The listing is to be reproduced exactly, excluding its pictures.

**RECORDED DATA:**
===============

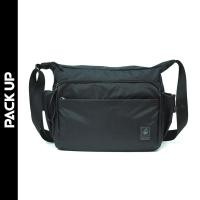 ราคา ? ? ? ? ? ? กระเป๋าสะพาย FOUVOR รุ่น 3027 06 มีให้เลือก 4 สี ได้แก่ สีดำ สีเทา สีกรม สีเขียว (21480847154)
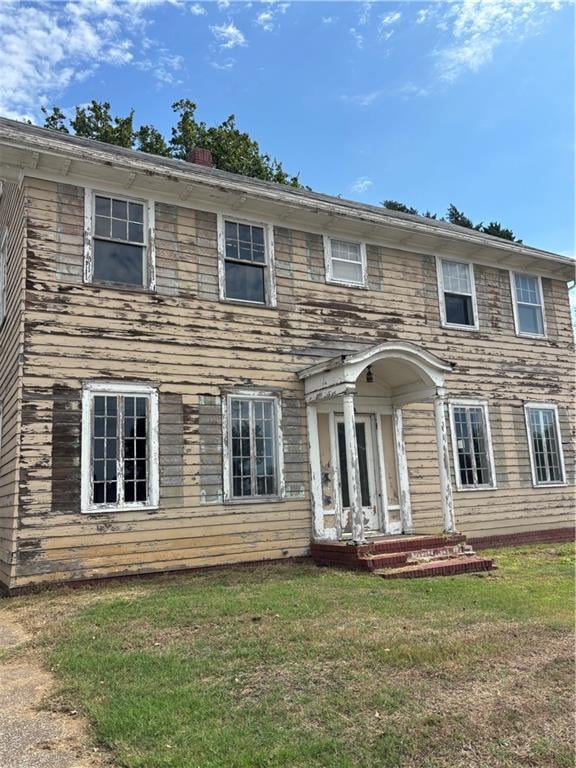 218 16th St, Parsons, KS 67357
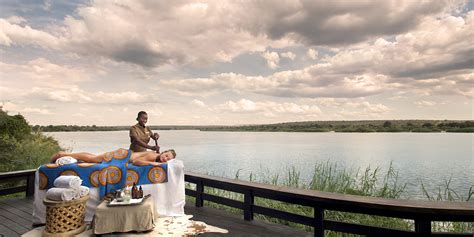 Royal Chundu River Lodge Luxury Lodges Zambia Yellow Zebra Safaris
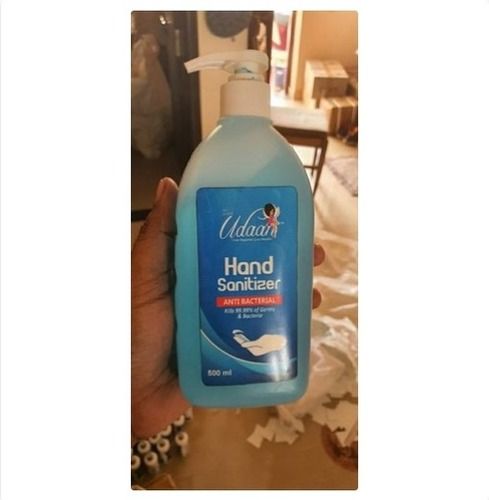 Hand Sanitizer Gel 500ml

===============

**RESULT:**
 ราคา ? ? ? ? ? ? กระเป๋าสะพาย FOUVOR รุ่น 3027 06 มีให้เลือก 4 สี ได้แก่ สีดำ สีเทา สีกรม สีเขียว (21480847154)
 218 16th St, Parsons, KS 67357
 Royal Chundu River Lodge Luxury Lodges Zambia Yellow Zebra Safaris
 Hand Sanitizer Gel 500ml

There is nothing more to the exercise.